The pattern that works is treating every shared agent the same way you'd treat a shared service account: minimum permissions, documented purpose, named owner, regular review. Not because agents are untrustworthy, but because the blast radius of a misconfigured agent is larger than a misconfigured human.
What this actually means for your team
The infrastructure is genuinely ready in a way it wasn't six months ago. MCP has achieved industry-wide adoption backed by competing giants including OpenAI, Google, Microsoft, AWS, and governance under the Linux Foundation.
2026 marks the transition from experimentation to enterprise-wide adoption. The tooling is converging. The pipes are standardised.

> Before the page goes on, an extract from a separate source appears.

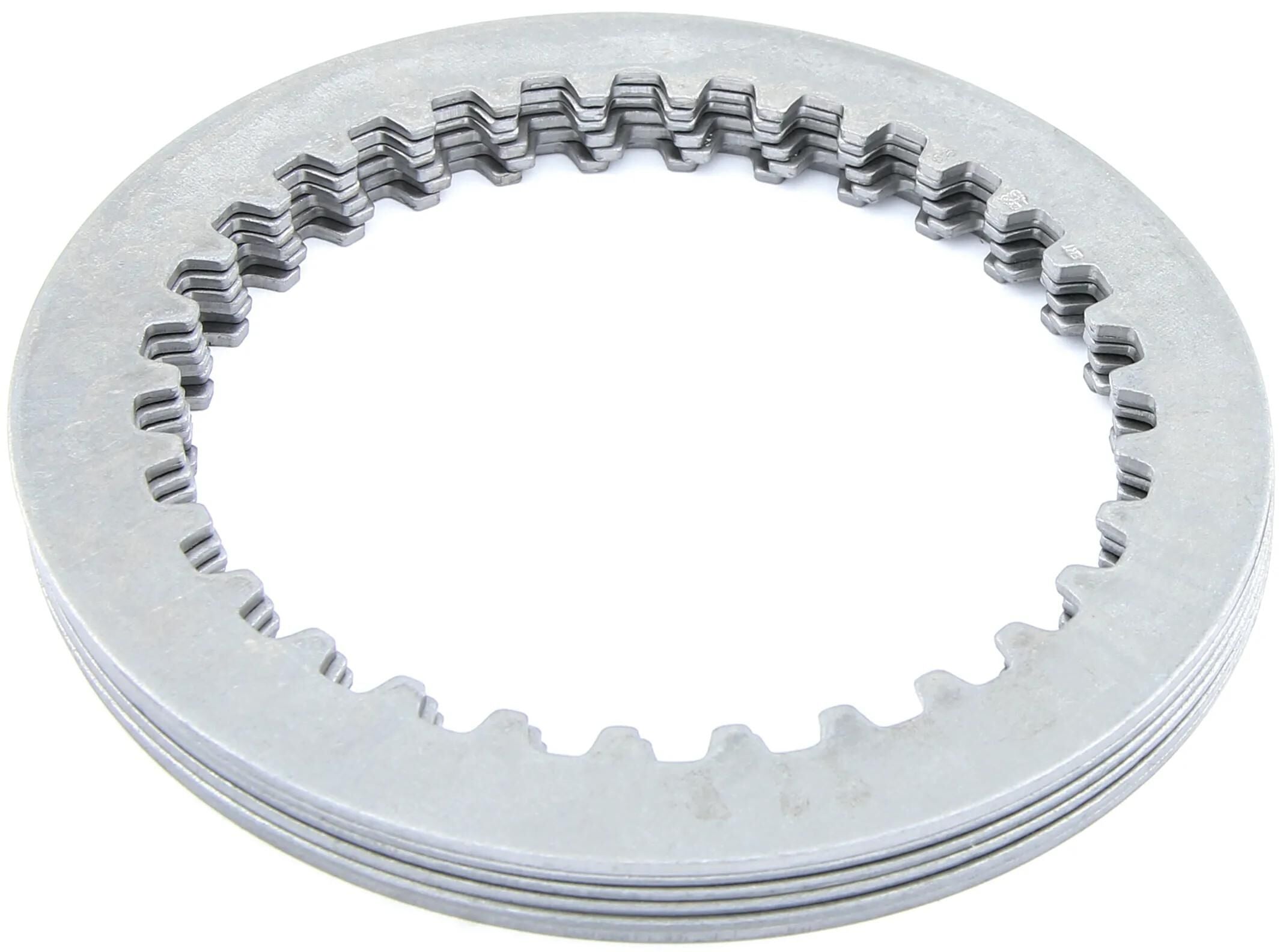 Trw stalen ringset clutch.steel.kit mes406-6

What isn't ready is most teams' thinking about what it means to have an agent that acts when you're not watching.
The useful framing isn't "what tasks can I automate?" It's "what decisions am I comfortable delegating, and to what level of confidence?" A weekly metrics report posting to a channel automatically: low risk, high value. An agent that responds to customer messages, updates CRM records, or routes support tickets without a human checkpoint: those deserve deliberate scoping before you enable them.

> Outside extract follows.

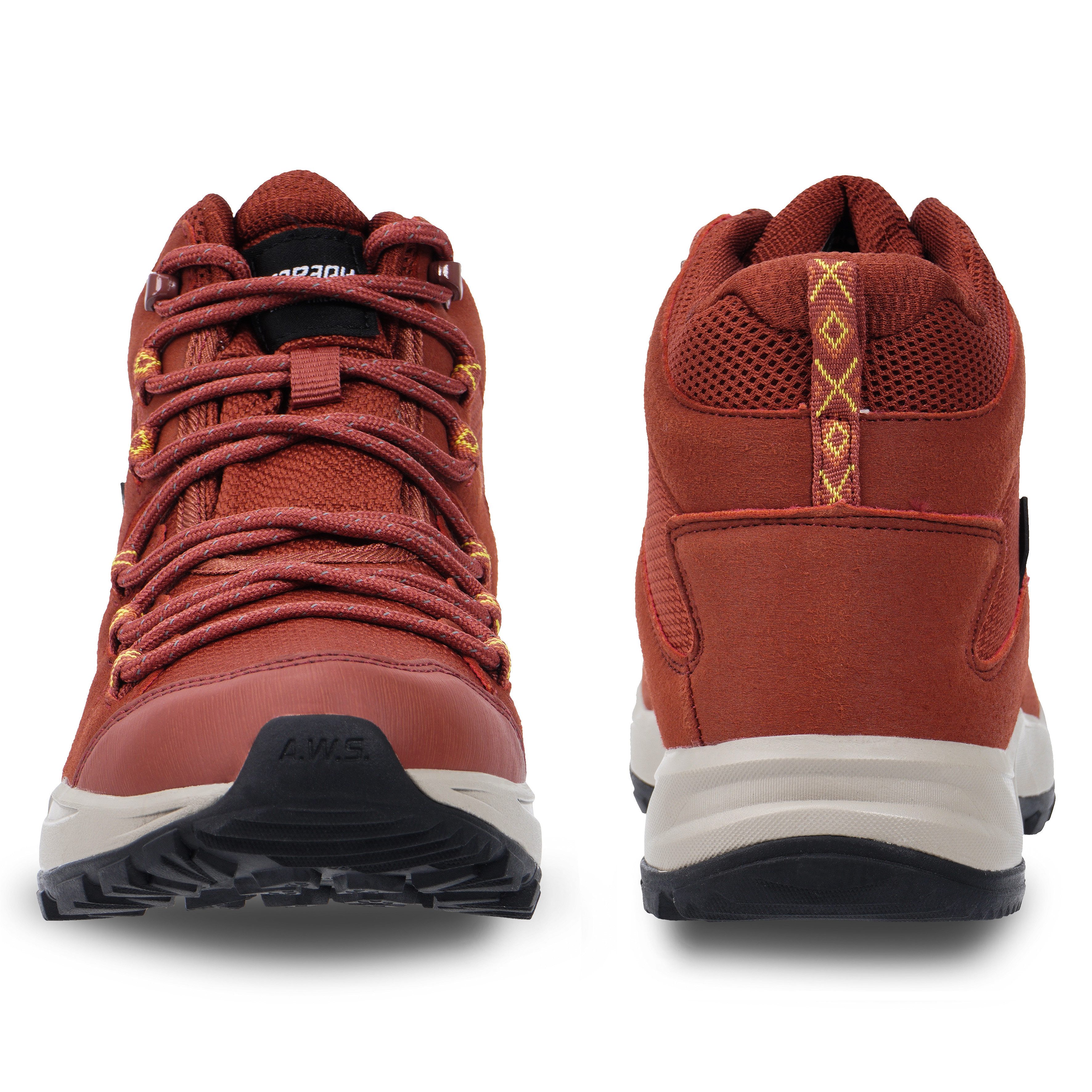 Icepeak Wandelschoenen ANSIO MS waterdicht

Many of the most important workflows inside an organisation depend on shared context, handoffs, and decisions across teams. Workspace Agents are designed for that kind of work: they can gather context from the right systems, follow team processes, ask for approval when needed, and keep work moving across tools. The approval checkpoint is the key phrase. Use it.
The most valuable thing a team can do this week isn't to build the most ambitious agent. It's to agree — in writing, in a channel where everyone can see it — on which agents exist, what they can touch, and who owns them when something goes wrong.
That conversation is five minutes. Not having it is how you end up debugging at 11pm.